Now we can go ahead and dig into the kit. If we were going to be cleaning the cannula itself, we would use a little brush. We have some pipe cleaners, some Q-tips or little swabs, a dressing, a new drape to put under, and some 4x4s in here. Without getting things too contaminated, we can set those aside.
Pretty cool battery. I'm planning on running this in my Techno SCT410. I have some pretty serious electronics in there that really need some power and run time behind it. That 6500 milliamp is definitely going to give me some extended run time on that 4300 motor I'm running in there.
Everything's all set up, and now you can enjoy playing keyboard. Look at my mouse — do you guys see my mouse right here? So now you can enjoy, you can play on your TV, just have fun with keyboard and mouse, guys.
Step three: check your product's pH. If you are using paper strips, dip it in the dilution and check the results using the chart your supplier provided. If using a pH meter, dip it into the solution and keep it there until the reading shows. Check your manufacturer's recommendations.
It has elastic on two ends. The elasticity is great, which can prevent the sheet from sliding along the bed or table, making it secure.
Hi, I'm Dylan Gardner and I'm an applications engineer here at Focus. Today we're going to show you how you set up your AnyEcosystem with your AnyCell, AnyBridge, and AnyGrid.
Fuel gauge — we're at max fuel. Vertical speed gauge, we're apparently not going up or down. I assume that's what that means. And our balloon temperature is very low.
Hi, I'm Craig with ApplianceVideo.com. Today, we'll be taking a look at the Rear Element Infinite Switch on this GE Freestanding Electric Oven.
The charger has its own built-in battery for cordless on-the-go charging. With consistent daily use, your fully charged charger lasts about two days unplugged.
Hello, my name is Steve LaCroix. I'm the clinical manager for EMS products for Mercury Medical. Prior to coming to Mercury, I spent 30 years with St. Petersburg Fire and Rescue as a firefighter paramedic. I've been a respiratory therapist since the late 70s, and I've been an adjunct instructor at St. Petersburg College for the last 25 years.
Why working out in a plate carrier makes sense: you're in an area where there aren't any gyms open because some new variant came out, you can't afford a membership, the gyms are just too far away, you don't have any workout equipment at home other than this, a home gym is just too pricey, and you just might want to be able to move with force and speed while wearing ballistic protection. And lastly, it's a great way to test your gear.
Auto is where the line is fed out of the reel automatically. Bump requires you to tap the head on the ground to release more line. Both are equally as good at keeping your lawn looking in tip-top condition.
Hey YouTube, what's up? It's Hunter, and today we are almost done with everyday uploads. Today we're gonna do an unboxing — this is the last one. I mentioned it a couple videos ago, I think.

================================

* **BRIEF**: Count how many lines in the entries hold "going" and reply with that number alone.

* **RESULT BELOW**: 4